____ PROVIDED INFORMATION

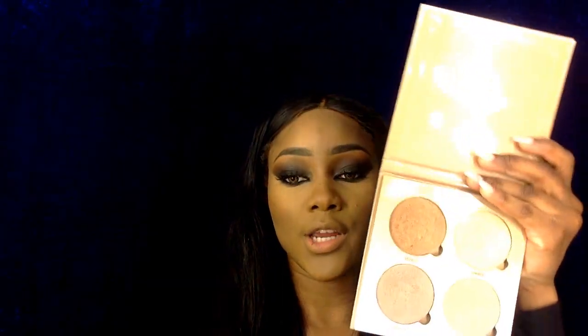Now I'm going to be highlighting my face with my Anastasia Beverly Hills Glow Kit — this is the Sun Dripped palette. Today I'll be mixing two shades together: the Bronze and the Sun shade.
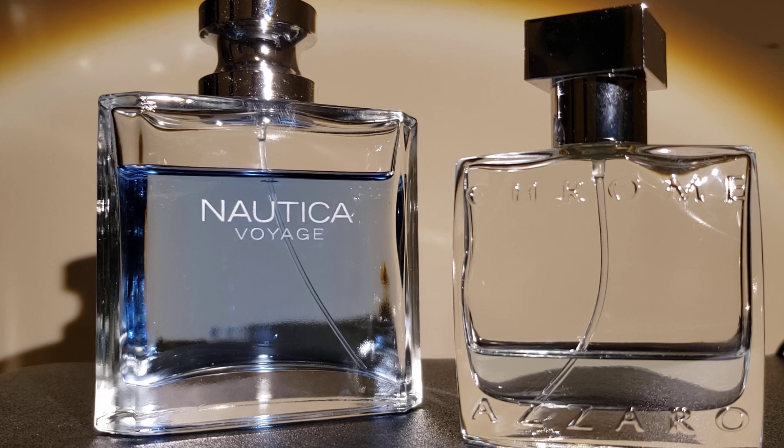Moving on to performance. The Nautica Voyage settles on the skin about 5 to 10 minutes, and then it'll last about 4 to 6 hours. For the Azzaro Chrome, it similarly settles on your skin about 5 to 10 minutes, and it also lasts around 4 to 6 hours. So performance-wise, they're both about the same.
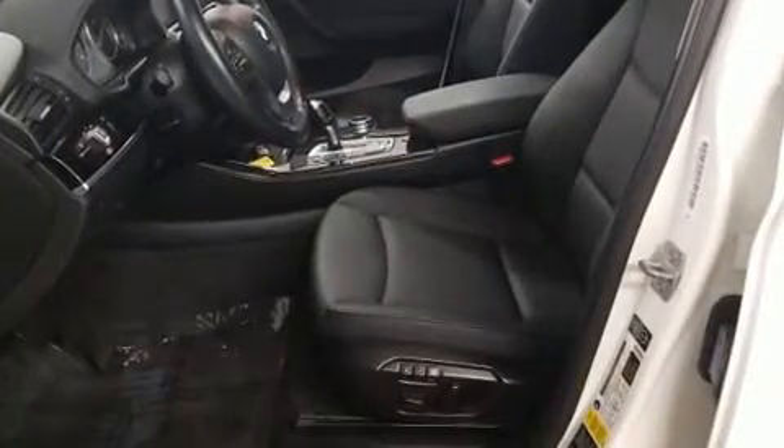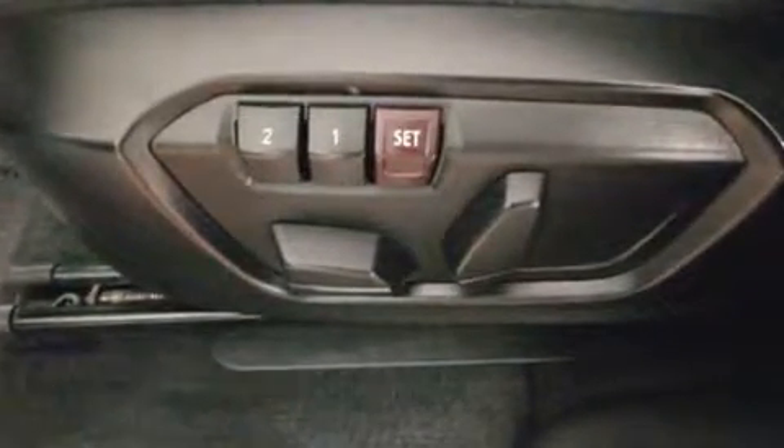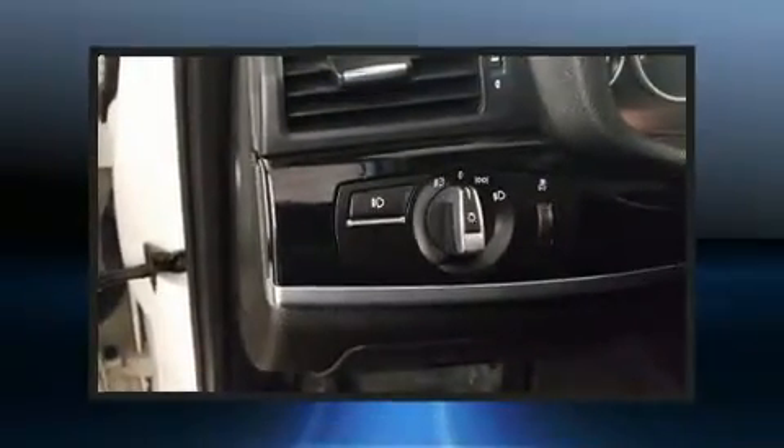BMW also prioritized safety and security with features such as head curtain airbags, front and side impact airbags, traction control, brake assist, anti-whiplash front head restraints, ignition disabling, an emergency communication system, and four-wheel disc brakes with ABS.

________
____ PROVIDED INFORMATION

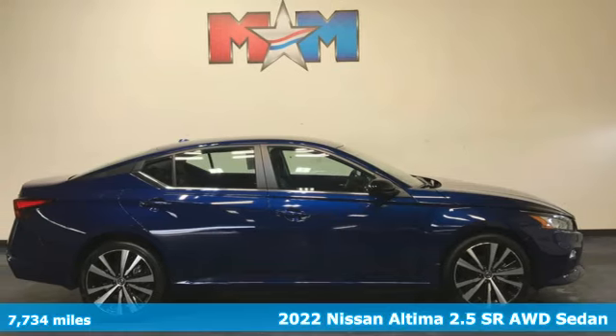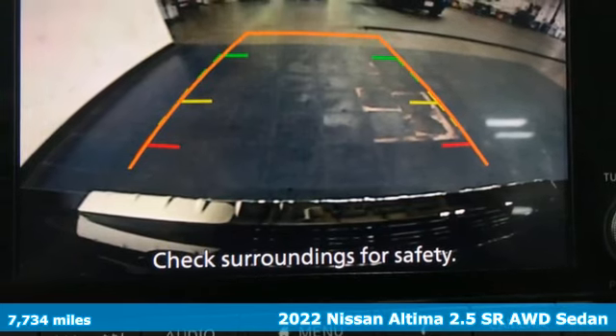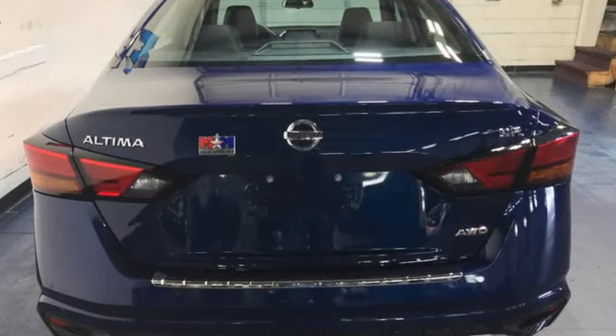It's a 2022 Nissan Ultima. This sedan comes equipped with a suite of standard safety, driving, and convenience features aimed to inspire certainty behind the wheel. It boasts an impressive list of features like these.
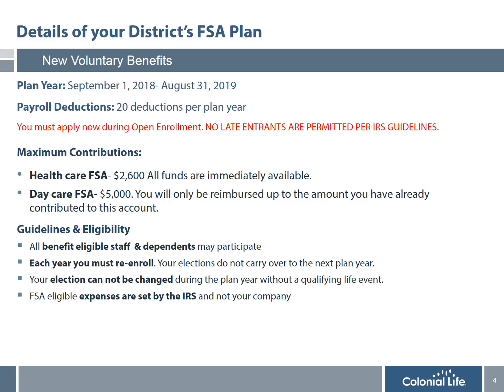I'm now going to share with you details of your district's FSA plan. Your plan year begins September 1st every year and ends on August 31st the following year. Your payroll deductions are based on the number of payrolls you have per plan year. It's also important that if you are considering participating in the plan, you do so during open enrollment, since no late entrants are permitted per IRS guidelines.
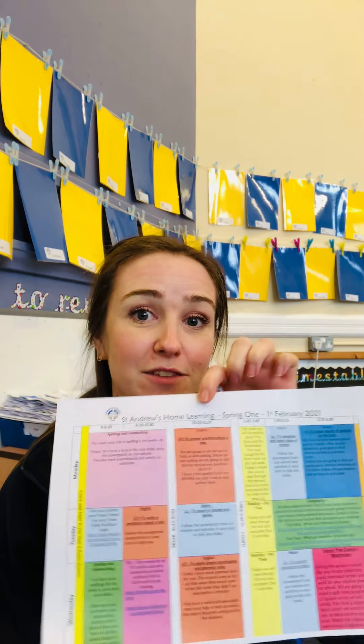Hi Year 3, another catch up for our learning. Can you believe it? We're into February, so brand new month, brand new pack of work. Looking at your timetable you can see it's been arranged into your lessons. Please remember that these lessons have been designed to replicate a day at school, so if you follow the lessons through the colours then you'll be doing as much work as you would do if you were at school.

________
____ PROVIDED INFORMATION

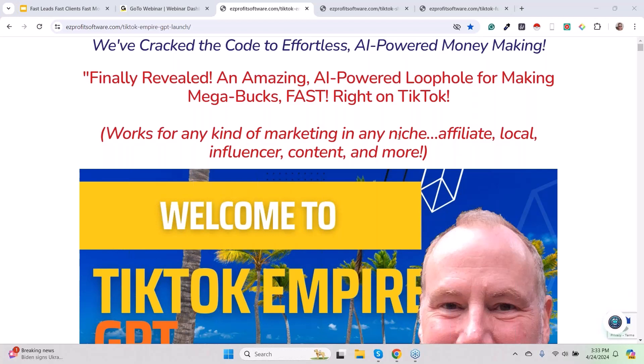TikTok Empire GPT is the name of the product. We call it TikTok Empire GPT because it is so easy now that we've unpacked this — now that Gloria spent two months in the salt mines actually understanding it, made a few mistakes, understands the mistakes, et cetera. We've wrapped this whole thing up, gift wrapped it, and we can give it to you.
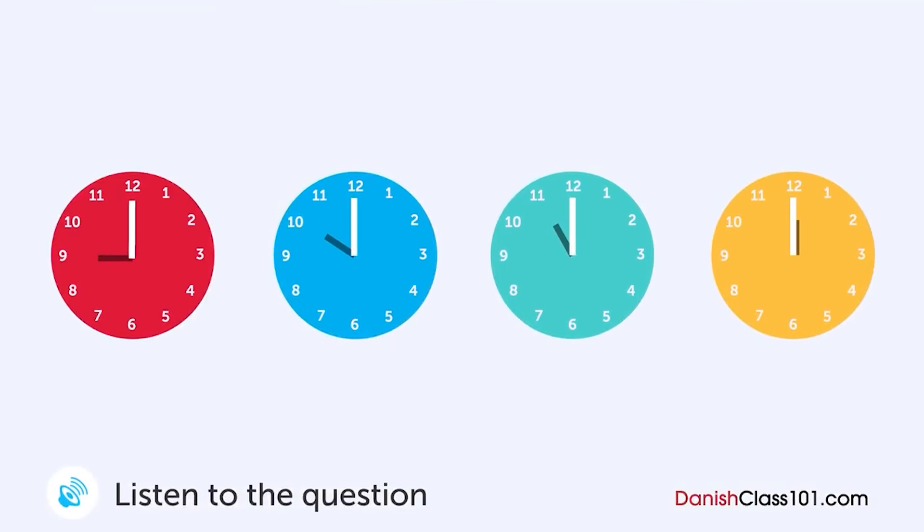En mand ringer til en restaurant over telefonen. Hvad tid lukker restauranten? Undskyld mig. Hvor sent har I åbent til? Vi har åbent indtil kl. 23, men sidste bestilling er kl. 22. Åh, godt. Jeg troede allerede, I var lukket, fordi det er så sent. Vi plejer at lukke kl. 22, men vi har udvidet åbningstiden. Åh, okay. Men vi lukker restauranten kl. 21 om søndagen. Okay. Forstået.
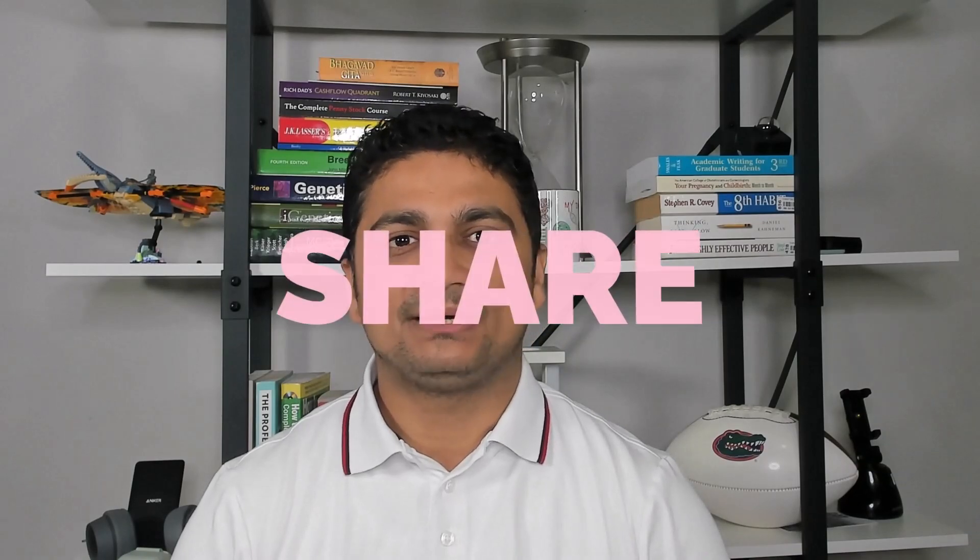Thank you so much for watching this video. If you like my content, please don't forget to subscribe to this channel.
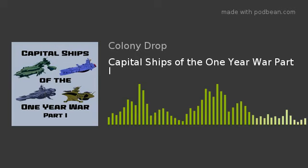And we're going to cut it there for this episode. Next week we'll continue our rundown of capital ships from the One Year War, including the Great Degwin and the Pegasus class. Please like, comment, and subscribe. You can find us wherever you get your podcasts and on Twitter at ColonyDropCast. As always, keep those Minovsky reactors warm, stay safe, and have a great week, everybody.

________

▶ _ACTIVITY_: When copying from the data above, print only the lines from the line containing "Moving on to" to the line containing "BMW also prioritized", exactly, and leave the pictures out.

▶ _ANSWER TO THE PROBLEM_:
Moving on to performance. The Nautica Voyage settles on the skin about 5 to 10 minutes, and then it'll last about 4 to 6 hours. For the Azzaro Chrome, it similarly settles on your skin about 5 to 10 minutes, and it also lasts around 4 to 6 hours. So performance-wise, they're both about the same.
BMW also prioritized safety and security with features such as head curtain airbags, front and side impact airbags, traction control, brake assist, anti-whiplash front head restraints, ignition disabling, an emergency communication system, and four-wheel disc brakes with ABS.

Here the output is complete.